Violinist Itzhak Perlman will perform in concert with the University of Kentucky Symphony Orchestra on Sunday. The Henry Clay Memorial Foundation will award Perlman the Henry Clay Medallion.

The other events are a Civil War Ball on Oct. 13 at Christ Church Cathedral, where Clay worshiped, and a speakers panel Oct. 21 with historians James Klotter, Lindsey Apple, Kent Masterson Brown and UK textile professor Kim Spillman.

Ashland isn't trying to compete with larger Civil War re-enactments at Perryville and Richmond, the sites of more significant battles, said curator Eric Brooks.

"Our goal is to provide something that will help people understand what was going on in this community," he said. "That was living life under occupation, living life in which you and your siblings might be on opposite sides."

Before his death in 1852, Clay spent much of his career in Congress forging compromises over slavery to try to prevent the Civil War. But war came anyway, and it literally reached his family's doorstep at dawn Oct. 18, 1862.

After the battle of Perryville, on Oct. 8, most Confederate forces began withdrawing to Tennessee. John Hunt Morgan, a cavalry leader from Lexington, sought to protect their retreat by attacking Union troops camped behind Ashland.

Morgan had three units of troops as he crossed from Madison County into Fayette. They separated at Clay's Ferry, with the two largest units and two pieces of artillery heading to Lexington via Richmond Road. Morgan and a smaller group went along the Kentucky River to Tates Creek Road.

Not sure of the way into town, Morgan and his brother-in-law Basil Duke knocked on a farmer's door. Duke later wrote that, knowing that many people along the river were union sympathizers, he introduced Morgan to the farmer as Frank Wolford, a well-known Union officer. It was cold and dark, and Morgan and many of his men probably were wearing blue overcoats taken from captured Union troops, said Brown, the historian.

"All the way to Lexington, this man is bad-mouthing Morgan — he ought to be shot, he's nothing but a horse thief, on and on," Brown said. As they get to about where Chevy Chase is now, Morgan realizes he is near Ashland and orders his men to prepare to attack.

"This guy suddenly realizes this is not a Union outfit," Brown said. "The fellow asks, 'Who are you?' and Morgan says, 'I'm John Hunt Morgan.' The guy falls out of his saddle and starts pleading on his knees for Morgan not to kill him. The whole command breaks into laughter."

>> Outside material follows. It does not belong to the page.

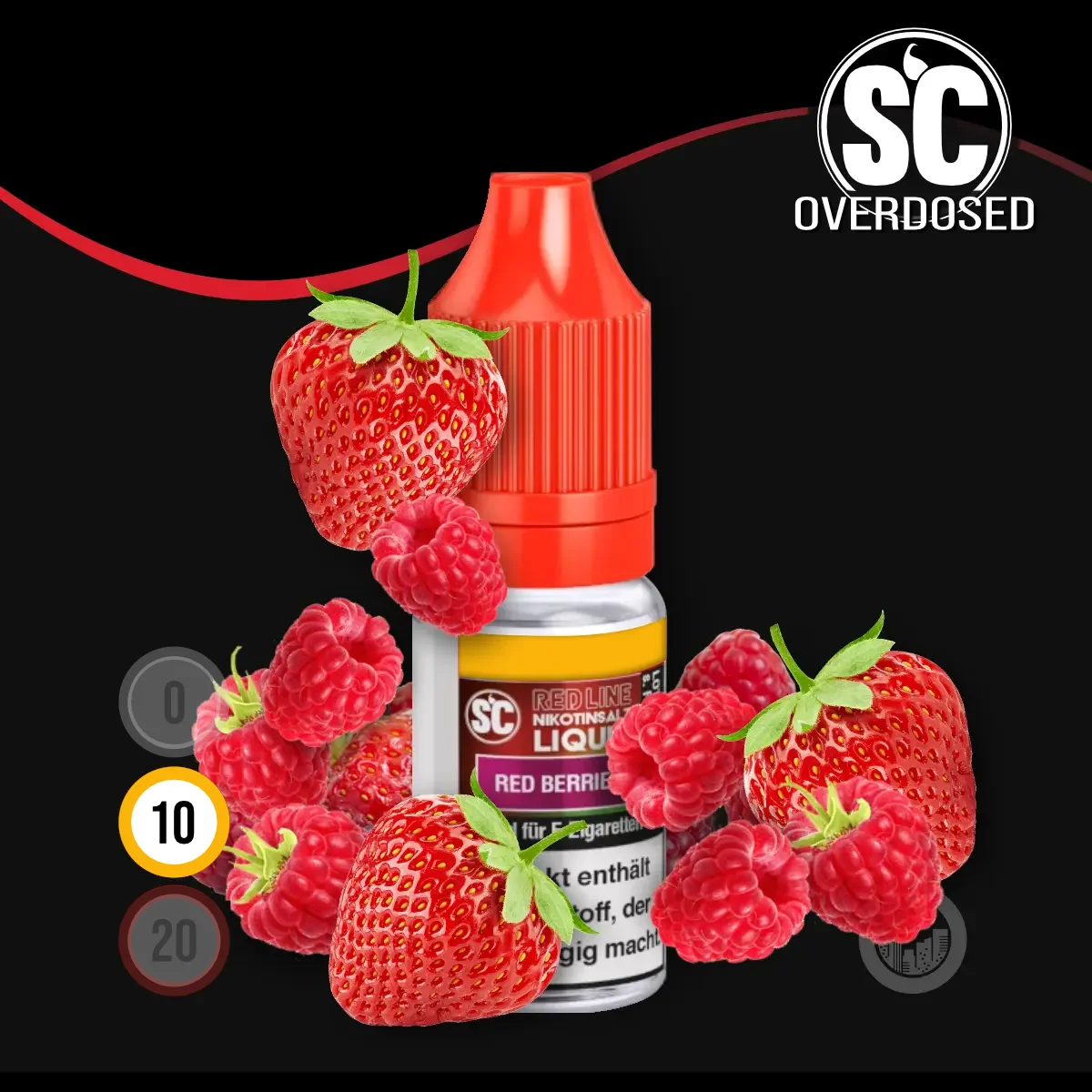 SC Red Line Red Berries V2 Nikotinsalz Liquid - 10 ml SW18109.1 Nikotinstärke wählen: 10 mg (NIKOTINSALZ) Bild 1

Morgan freed the farmer, who rode home as fast as he could. The three Confederate units — about 1,800 men — surrounded and attacked the camp of 300 mostly sleeping Union soldiers behind Ashland near the corner of what is now Fincastle and Woodspoint roads.

"The battle's over in five minutes," Brown said.

The Union soldiers were taken prisoner, as were more downtown at the Phoenix Hotel. A third group of Union troops barricaded themselves in the Fayette County Courthouse. When the Confederates brought in their artillery, "the mayor comes running, pleading with them not to blow up his courthouse," Brown said. "He helped plead with the Union cavalry to surrender."

Four Union solders were killed and about 20 were wounded that day. The extent of Confederate casualties is unknown, with one prominent exception: Maj. George Washington Morgan, a second cousin to John Hunt Morgan, was severely wounded. Susan Clay offered her wagon to take him to his family's home, the Hunt Morgan House on Mill Street.

After lingering several days, Morgan asked to be propped up in a chair and given a glass of bourbon and a cigar, Brooks said, "and he would then show them how a Morgan man dies, which he did."